Désordre dans le parti de l’ordre
Financement du parti Jobbik
Le bureau du Procureur général a débuté une enquête après avoir relevé des anomalies autour du financement du parti nationaliste Jobbik. Si, avec plus de quatre ans de retard, le parti s'est empressé de publier le compte rendu de ses rapports financiers annuels, l’identité de ses donateurs reste toujours secrète.
Le Jobbik a été créé en automne 2003, cependant ses rapports financiers annuels n'ont été publiés qu’en janvier 2010. La cour des comptes nationale, Állami Számvevôszék (ÁSZ), a attiré l’attention des dirigeants du parti d’extrême droite sur cette lacune en 2009. Finalement, c'est un particulier vivant dans le département de Pest qui a choisi de porter plainte devant le bureau du Procureur général, se basant sur les recommandations de l'ÁSZ. Selon les informations de l’hebdomadaire HVG, le dénonciateur a préféré rester anonyme car il a été menacé après avoir posé des questions sur le financement du Jobbik sur plusieurs forum Internet.
Mi janvier, suite à la demande de l’ÁSZ et à l’article de HVG portant sur l'enquête menée par le bureau du Procureur Général, le Jobbik a finalement publié sur son site ses rapports financiers couvrant la période 2004-2008. Toutefois les montants reportés semblent bien sous-estimés. Selon ces rapports, le revenu annuel de Jobbik n’atteindrait que 2 à 3 millions de HUF, sauf en 2007 lorsqu'il n'aurait pas dépassé 655.000 HUF. Il est difficile d’imaginer comment un parti peut rencontrer une popularité à l'échelle nationale avec un budget proche de celui d'un retraité, budget par ailleurs insuffisant pour construire et entretenir un site Internet convenable.
Le Jobbik n'a pas encore communiqué sur l'état de ses comptes en 2009, année glorieuse dans l'histoire du parti puisqu'il a remporté trois mandats lors des élections européennes. Le parti est tenu de publier ces informations d'ici la fin du mois d'avril.
D’après les calculs d'experts en marketing, HVG a estimé les dépenses de la campagne des élections européennes du parti à au moins 100 millions de HUF, ce qui signifierait un énorme changement par rapport aux années précédentes.

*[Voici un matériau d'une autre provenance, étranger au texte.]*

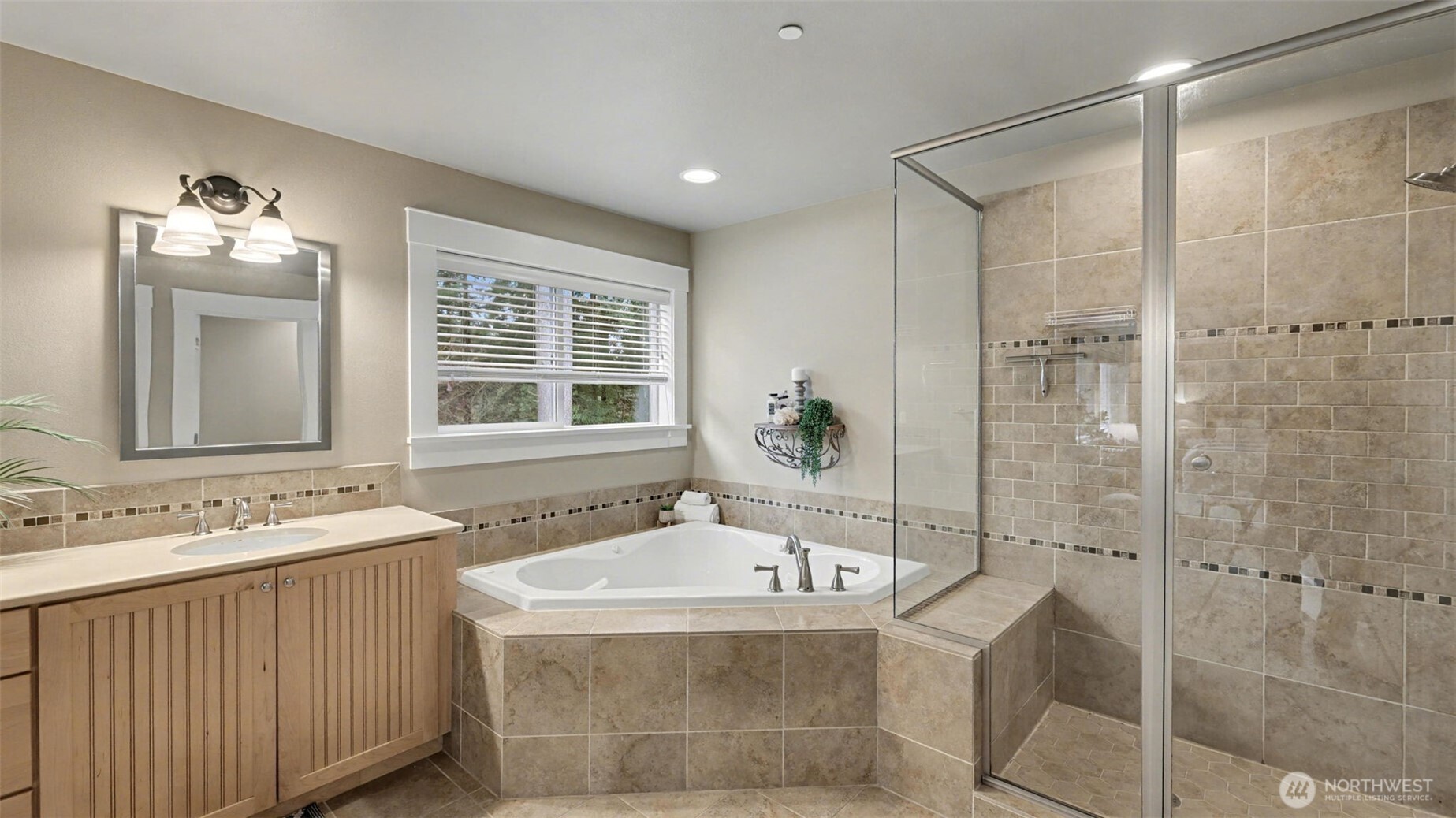 15557 Southeast 160th Place Renton, WA 98058 - Photo 29 of 39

L'origine des dons versés au parti, soit 9 millions de HUF en 5 ans, soit 90% de leur budget total, reste par ailleurs mystérieuse. Les rapports du Jobbik ne nomment pas leurs donateurs, rappelant qu'ils ne sont tenus de révéler leur identité qu'au-delà de certaines limites (100.000 HUF s’ils sont étrangers, 500.000 HUF dans le cas des Hongrois). Auparavant, plusieurs experts de politique étrangère ont fait le parallèle entre le financement et les relations orientales du parti, notamment avec la Russie et les pays musulmans, en particulier l’Iran. Lors de la manifestation du parti le 23 octobre 2008, son président, Gábor Vona, a par exemple exprimé le souhait de faire venir des observateurs iraniens lors des élections de 2010.
Il ne faut toutefois pas oublier que le financement des autres partis politiques manque également de transparence. Cependant les possibilités de l’ÁSZ sont très limitées dans ce domaine. Elle ne peut qu'observer la forme des rapports remis par les organisations politiques mais ne peut par exemple pas vérifier que les revenus et les dépenses réels sont conformes aux chiffres publiés. Ainsi un parti ne risque-t-il d'être soupçonné que si son comptable commet de graves fautes. Ce fut par exemple le cas en 2006-2007 pour le MDF, dont le rapport contenait une erreur de plus de 100 millions de HUF sur les crédits et les donations. L’ÁSZ a déjà plusieurs fois demandé à ce que ce système soit modifié, mais il n’est pas surprenant qu'un tel changement n'ait jamais été voté devant le Parlement, que la proposition soit venue de gauche ou de droite.